Double easy run day while helping with baby duties
Training Metrics
After some hard sessions during the week, stack some easy miles. I found jogging with my-worst-ever-pram-to-jog-with much easier!
After some hard sessions during the week, stack some easy miles. I found jogging with my-worst-ever-pram-to-jog-with much easier!
7 Weeks Hyrox Build: Week 2 Tuesday
1. Chase fitness, touch hard pace — build strength and speed by flirting with the edge, not living there. 2. Focus on specificity — train for purpose, not exhaustion; 3. Loss of motivation is a signal 🧠 5K Race Pace vs Threshold — Finding the Compromise I’ve been looking for a balance between my 5K goal and my Hyrox goal in interval training. For the 5K, I’ve been experimenting with running intervals at threshold pace instead of race pace. In last week’s race, I still struggled to hold the pace and exploded too early — but I also noticed progress. Running those same paces now feels easier. Fitness improved; pacing is still catching up. For Hyrox, everything revolves around threshold work. (Highly recommended to checkout Rich Ryan's Running Guide https://www.rmr.training/running-for-hyrox-guide) So, I’m trying to bridge the two worlds. In my interval workouts, I progressively increase speed within each set — adding 0.1–0.2 km/h every minute, then starting the next set slightly faster. In the final two sets, I stay at my sub-19 5K goal pace. The session feels hard but controlled. No explosion, just steady effort inside that “controlled hard” zone. 🎯 Focus on Specificity After the run, it was dreadful even thinking about my planned evening EMOM with burpees. I prefer steady, mid-to-heavy kettlebell work — clean and jerk–style movements that feel productive, not chaotic. I debated pushing through the EMOM or adjusting the workout. In the end, I replaced it with a heavier kettlebell clean and press session. The reason: specificity. The goal of the PM session is to build strength, not to prove I can suffer. The EMOM would’ve been more about chasing fatigue than building anything meaningful. Looking back at the week, I already have two compromised running sessions that train that “suffer” element. I don’t need a third. Consistency > everything. This was my body sending a signal — adjust, don’t overreach.

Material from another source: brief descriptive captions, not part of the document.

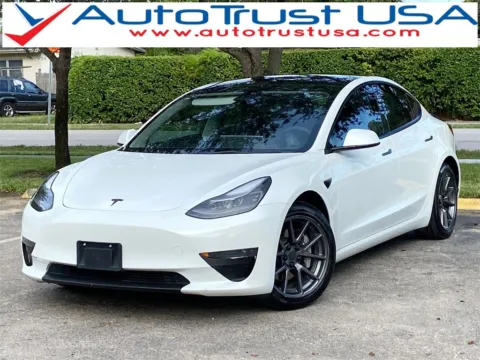 White 2023 Tesla Model 3 for sale in Miramar, FL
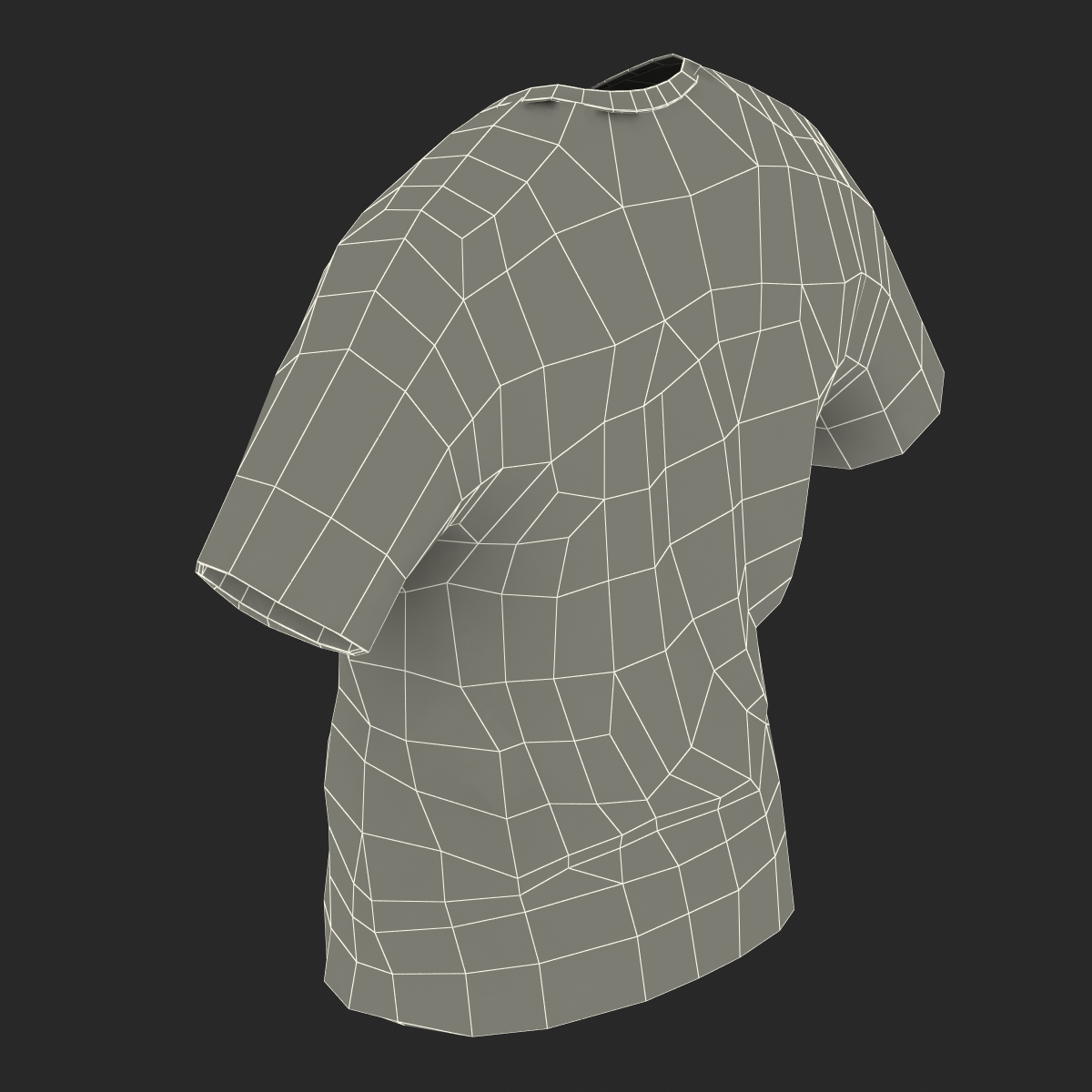 T Shirt Bayern 3D model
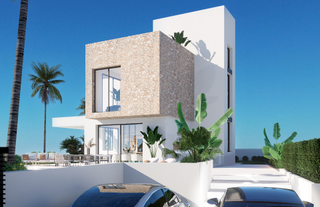 Xalet a Balcón de Finestrat-Terra Marina. Exclusivas villas independientes en el balcón de finestrat un re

For everyday athletes, overtraining is the real killer of progress — not laziness. It shows up as injuries, burnout, or loss of motivation. Sometimes the hardest thing is to trust the process, overcome the insecurity, and remember the goal of each session.
7 Weeks Hyrox Build: Week 1 Sunday
This week already had plenty of new stimuli — an extra Hyrox session, longer EMOMs, more time near threshold — so I capped my running volume at around 55 km to stay on top of recovery. I’d been listening to the RoxLyfe podcast with Charlie Botterill, and he mentioned that at his size — around 80 kg — he keeps his weekly running volume in the 50–60 km range. I was glad to hear that — it helped me justify holding back instead of chasing higher mileage. In the morning, I ran about 6 km with the baby in the pram, it has been my secret weapon for stacking volume while shifting into a more Hyrox-focused phase instead of pure running, and hey, the baby got a bumpy nap too! The evening run doubled as my jog to my wife’s parents’ place for dinner — about 8 km away. Normally I’d stretch it to around 14 km, but this time I only added a kilometre or so to keep total volume down. I’ve started experimenting with higher-quality long runs, where you pick up the pace after some easy running — something I picked up from a podcast about Kenyan training, and also from Conor Mantz / Clayton Young. The pickup felt okay, though my heart rate spiked to 5 K levels even though I was only running at threshold pace. After that, I couldn’t quite settle back into Zone 2 — jogging pace sat around 160 bpm. Fatigue, warmth, and lack of sleep all hit at once, mostly the warmth. Got it done. Consistency above all. I will need to be more careful about my sleep too!